#### Supplied entries:

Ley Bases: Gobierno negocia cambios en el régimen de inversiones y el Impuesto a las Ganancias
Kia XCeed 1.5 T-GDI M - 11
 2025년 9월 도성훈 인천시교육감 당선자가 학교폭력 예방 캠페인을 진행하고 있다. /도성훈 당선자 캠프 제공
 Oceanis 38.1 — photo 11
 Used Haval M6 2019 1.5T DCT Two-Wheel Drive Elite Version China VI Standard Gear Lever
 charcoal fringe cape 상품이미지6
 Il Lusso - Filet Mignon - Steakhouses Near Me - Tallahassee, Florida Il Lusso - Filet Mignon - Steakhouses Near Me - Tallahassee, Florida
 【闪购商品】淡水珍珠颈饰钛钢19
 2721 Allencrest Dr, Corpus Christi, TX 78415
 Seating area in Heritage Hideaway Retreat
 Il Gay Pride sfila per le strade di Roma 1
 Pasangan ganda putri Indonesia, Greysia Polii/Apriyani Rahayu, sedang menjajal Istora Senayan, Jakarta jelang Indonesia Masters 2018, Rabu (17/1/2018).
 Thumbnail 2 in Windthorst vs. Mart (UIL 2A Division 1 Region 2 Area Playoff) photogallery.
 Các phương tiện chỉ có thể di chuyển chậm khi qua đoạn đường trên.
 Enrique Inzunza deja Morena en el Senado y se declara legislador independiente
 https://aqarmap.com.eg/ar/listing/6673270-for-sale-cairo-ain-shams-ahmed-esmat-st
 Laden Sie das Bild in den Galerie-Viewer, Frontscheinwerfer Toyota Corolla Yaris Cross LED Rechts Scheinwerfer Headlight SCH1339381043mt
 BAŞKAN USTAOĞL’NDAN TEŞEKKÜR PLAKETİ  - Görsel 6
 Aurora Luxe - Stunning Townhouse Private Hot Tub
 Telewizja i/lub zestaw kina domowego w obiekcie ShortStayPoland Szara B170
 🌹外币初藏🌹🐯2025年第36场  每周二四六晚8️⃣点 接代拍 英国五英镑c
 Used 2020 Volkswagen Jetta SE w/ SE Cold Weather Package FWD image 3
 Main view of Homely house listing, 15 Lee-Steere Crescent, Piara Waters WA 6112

#### Problem statement:
Count the lines above that contain the word "Used". Give only the number.

#### Result for this task:
2